━━━━━ Material for the task

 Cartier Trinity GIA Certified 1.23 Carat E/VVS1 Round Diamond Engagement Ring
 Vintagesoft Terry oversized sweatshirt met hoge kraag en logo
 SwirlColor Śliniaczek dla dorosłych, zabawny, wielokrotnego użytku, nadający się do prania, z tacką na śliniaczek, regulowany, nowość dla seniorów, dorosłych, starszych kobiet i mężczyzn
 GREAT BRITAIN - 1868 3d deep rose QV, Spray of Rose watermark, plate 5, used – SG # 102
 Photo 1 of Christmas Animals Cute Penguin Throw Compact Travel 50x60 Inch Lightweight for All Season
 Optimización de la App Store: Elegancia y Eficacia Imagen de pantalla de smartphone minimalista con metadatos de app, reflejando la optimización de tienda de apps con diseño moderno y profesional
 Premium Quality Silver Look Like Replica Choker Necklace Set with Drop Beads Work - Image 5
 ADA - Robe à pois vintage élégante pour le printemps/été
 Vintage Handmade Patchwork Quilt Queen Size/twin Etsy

━━━━━━━━━━

Would you please repeat exactly the lines above, starting at the line with "SwirlColor Śliniaczek dla" and stopping at the line with "Photo 1 of Christmas", both included?

 SwirlColor Śliniaczek dla dorosłych, zabawny, wielokrotnego użytku, nadający się do prania, z tacką na śliniaczek, regulowany, nowość dla seniorów, dorosłych, starszych kobiet i mężczyzn
 GREAT BRITAIN - 1868 3d deep rose QV, Spray of Rose watermark, plate 5, used – SG # 102
 Photo 1 of Christmas Animals Cute Penguin Throw Compact Travel 50x60 Inch Lightweight for All Season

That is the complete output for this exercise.